Richard Fielding is an Australian musician who was a founding member of the electronic music group Severed Heads in 1979 in Sydney. He has been a member of other experimental, avant garde music groups such as Z-Glutz, The Loop Orchestra and Budgie Woops! He has had a career as a radio presenter on various New South Wales stations.

==Biography==
Richard Fielding trained as a radio presenter in the mid-1970s with Korg Pally Oskin, Ian Borri Okem, Rusty Nails and, as part of a Sydney inner city (informal) group of "radio bad boys" called "The Thrifty Tones". He started as a presenter using the moniker 'Old Siddeley", on 2MBS—part of the "Late Night Collective". On sister station 5MBS with his own show "Yntmppry Yditions" and on Bega station 2BE, co-hosting the 'Good Morning Ghostbusters" program with local Bega star Ian Wright. His longest on-air partnership was in the 1980s at Sydney's 2RES-FM with Dan Mayok, on "Anything That's Jandy", which was broadcast Saturday mornings from 6 am – 9 am. His sign-off call was "Have a great day - I know I don't".

In 1979, Fielding formed an electronic group, Mr. and Mrs. No Smoking Sign, with Andrew Wright and they were soon joined by Tom Ellard. With Fielding on drum machine and tape loops, Wright on organ and synthesizer and Ellard on tapes they recorded a demo in Fielding's home. Renamed as Severed Heads they started recording their first album, Ear Bitten when Wright left in 1979. Fielding departed in 1981 during the recording of the band's second album, Clean.

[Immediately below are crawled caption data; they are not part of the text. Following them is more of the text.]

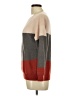 Evolution by Cyrus Color Block Tan Gray Pullover Sweater Size L - photo 5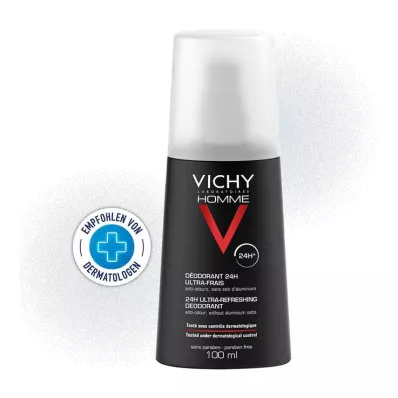 Vichy Homme deodorantsprøyte ultrafrisk, 100 ml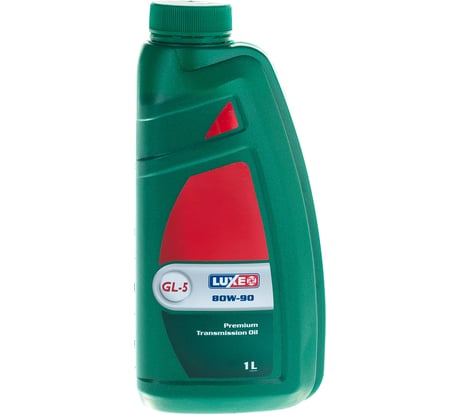 Трансмиссионное масло  GL5, 80W90, 1л LUXЕ 543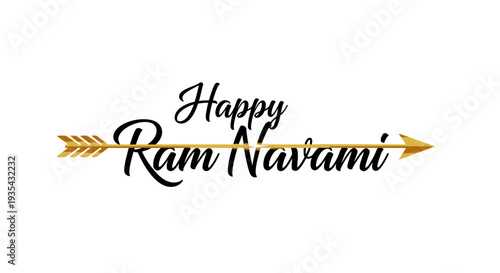 Happy ram navami festival greeting card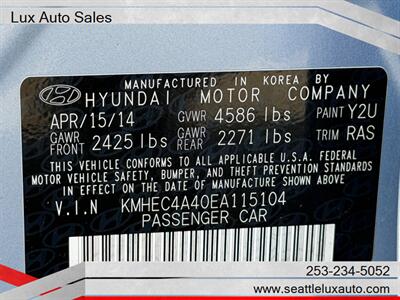 2014 Hyundai SONATA Hybrid Limited   - Photo 23 - Woodinville, WA 98077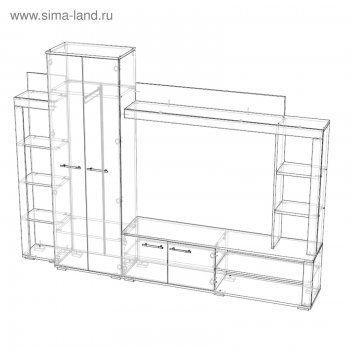 Стенка Монако (Лин) в Ирбите - irbit.mebel-e96.ru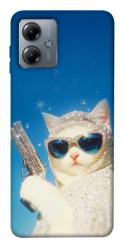 Чехол itsPrint Diamond kitty для Motorola Moto G14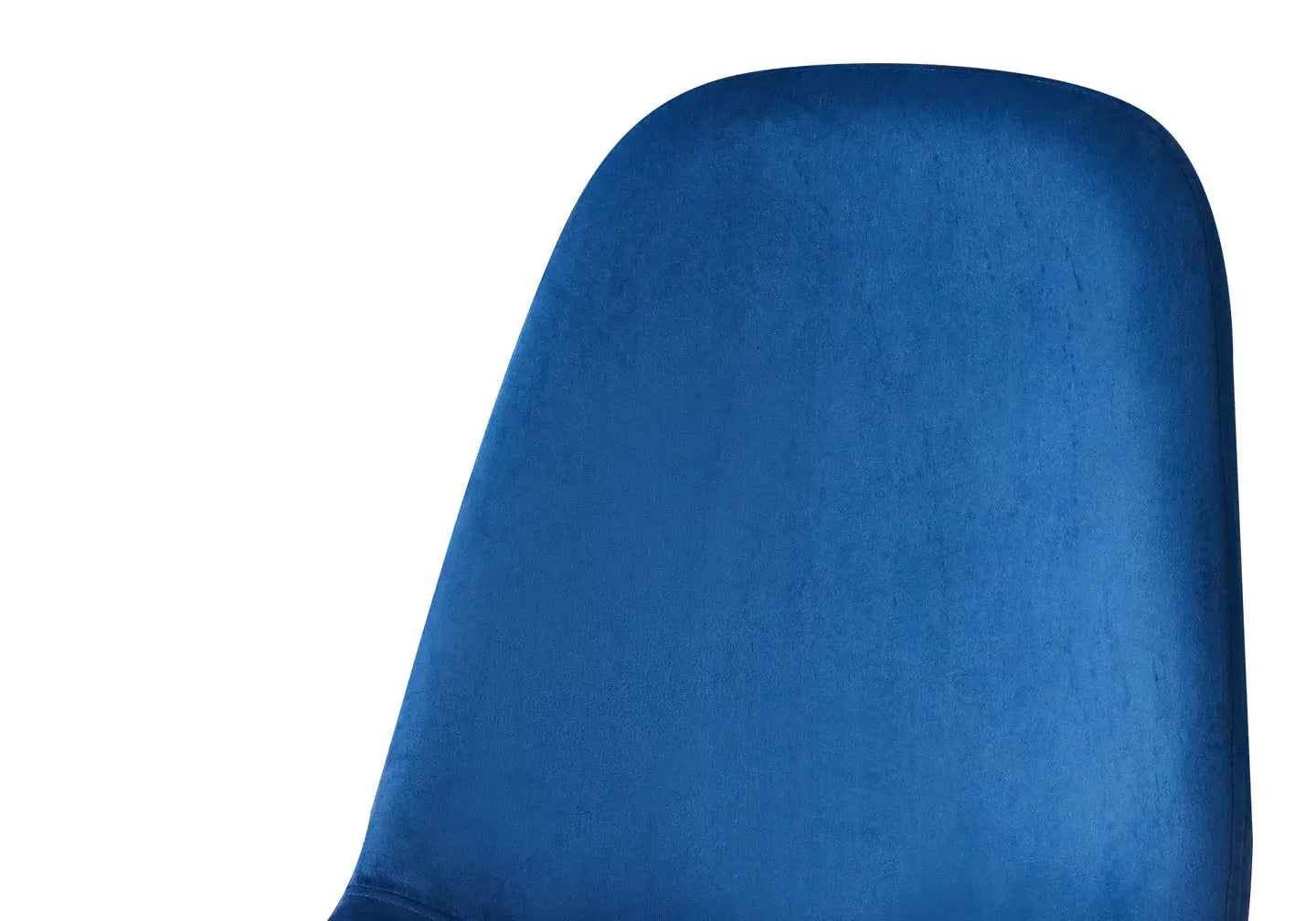 Chaises scandinave velours bleu LOA (Lot de 6) New Design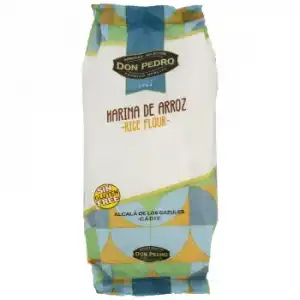 Harina de arroz Don Pedro sin gluten 400 g.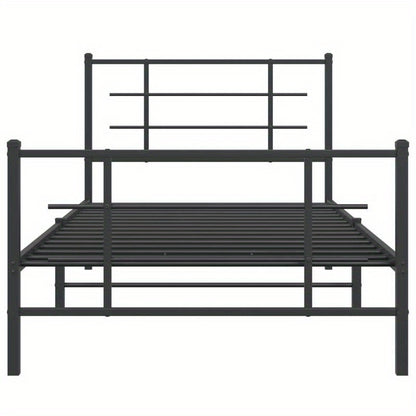 Bedframe – Metalen Bedframe – Verstelbaar Bed – Slaapbank – Bedbodem – 100x200 cm – Robuust Metaal – Eenvoudige Montage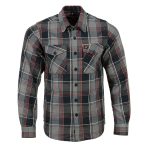 Milwaukee Leather MNG11658 Men’s Black and Grey with Red Long Sleeve Cotton Flannel Shirt - Image 5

He was also part of an unsuccessful venture called the "5 to 6 Federation" a self-styled "Electronic Green Movement" which proposed all radio stations go off air for 5 minutes every morning from 5:55 am to "clear the airwaves from constant radiowave transmissions". In the latter days of his broadcasting career he was a panel operator and technical producer at community radio station 2SER FM on The Mamma Lena Show and RadioActiviky with Dr Xob Schmottman.

Fielding was also a founding member of The Loop Quartet, which was formed in 1982, along with John Blades, Ron Brown and Jaimie Leonarder. During the same year, another group performing with reel-to-reel tape machines, The Loop Orchestra, was formed by Fielding, John Blades and Anthony Maher. In 1983, Peter Doyle joined the group, and this line-up remained until 1997.